The $US2.6 billion ($3.7 billion) development includes a 22 million wet metric tonnes-per-year ore processing facility (OPF), an airstrip and expanded village, a 195-kilometre Canning Basin water pipeline and a 135-kilometre concentrate pipeline to Fortescue’s Herb Elliot port facility in Port Hedland.

The project will employ around 3000 people during construction and 900 full time positions once operations commence.

The development follows Fortescue’s $US500 million ($703 million) stage one construction of large scale pilot and demonstration plants, which have validated key equipment and magnetite production processes for the full-scale stage two OPF.

“The Iron Bridge project holds Australia’s largest JORC-compliant magnetite resource supporting a long mine life,” Fortescue chief executive Elizabeth Gaines said.

“The project is well progressed and ready for detailed design and execution with the majority of key approvals already in place.

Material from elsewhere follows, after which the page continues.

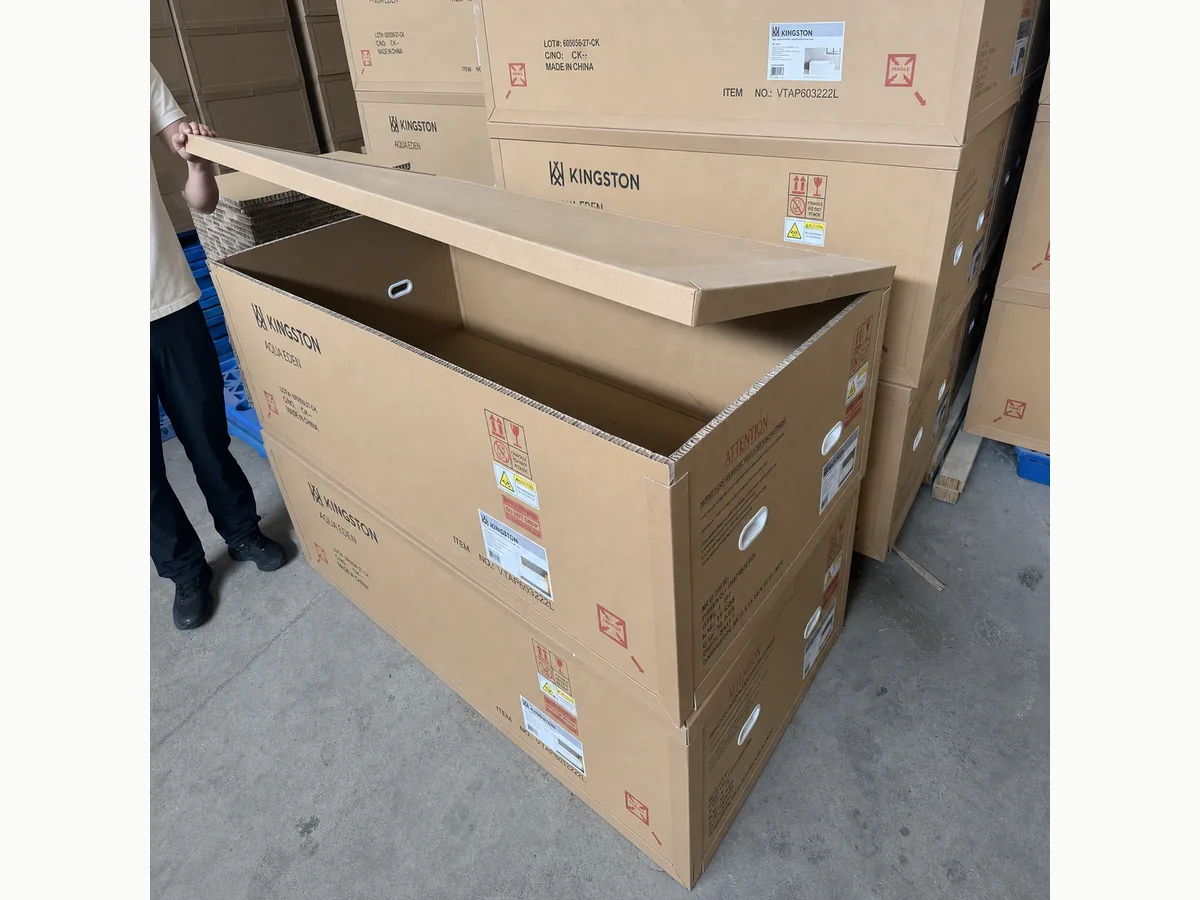 Honeycomb packaging product reviewed alongside supplier records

The innovative design, including the use of a dry crushing and grinding circuit, will deliver an industry-leading energy efficient operation with globally competitive capital intensity and operating costs.

“Our focus has been to create the most energy and cost-efficient ore processing facility, tailored to the specific ore we will mine.”

The Iron Bridge project is targeted to produce 22 million wet metric tonnes per year once full operational capacity is achieved.

First ore will be delivered in the first half of 2022, with ramp up to full production within 12 months at an all-in sustaining cost of $US45–55 per dry metric tonne.

This project will also deliver a premium product with iron content of 67 per cent, further enhancing the range of products available to Fortescue’s customers, according to Gaines.

When combined with the Eliwana development, the Iron Bridge expansion will increase Fortescue’s average product grade and provide the ability to deliver the majority of the company’s products at greater than 60 per cent iron, consistent with Fortescue’s long-term goal.

Coincidental to news of the approval, Fortescue has also updated the Iron Bridge’s magnetite mineral resource estimate, with ore reserves climbing up to 716 million tonnes on June 2018’s 705 million tonnes.

“This update supports the development of stage two of our Iron Bridge magnetite project announced today which holds Australia’s largest JORC compliant magnetite resource,” Gaines said.

“We are confident in the long-term demand for this premium product, supported by market fundamentals, including global supply conditions, investment in higher efficiency steel-making capacity, as well as the competitive advantage of proximity of the Pilbara to key markets in China and the region.

“We are ready to build this plant and develop this mine, and are confident that our early work will support rapid progress to full production.”

FMG Magnetite is a subsidiary of FMG IB, a Hong Kong registered company owned by Fortescue (88 per cent) and a subsidiary of Baosteel Resources International Company (12 per cent).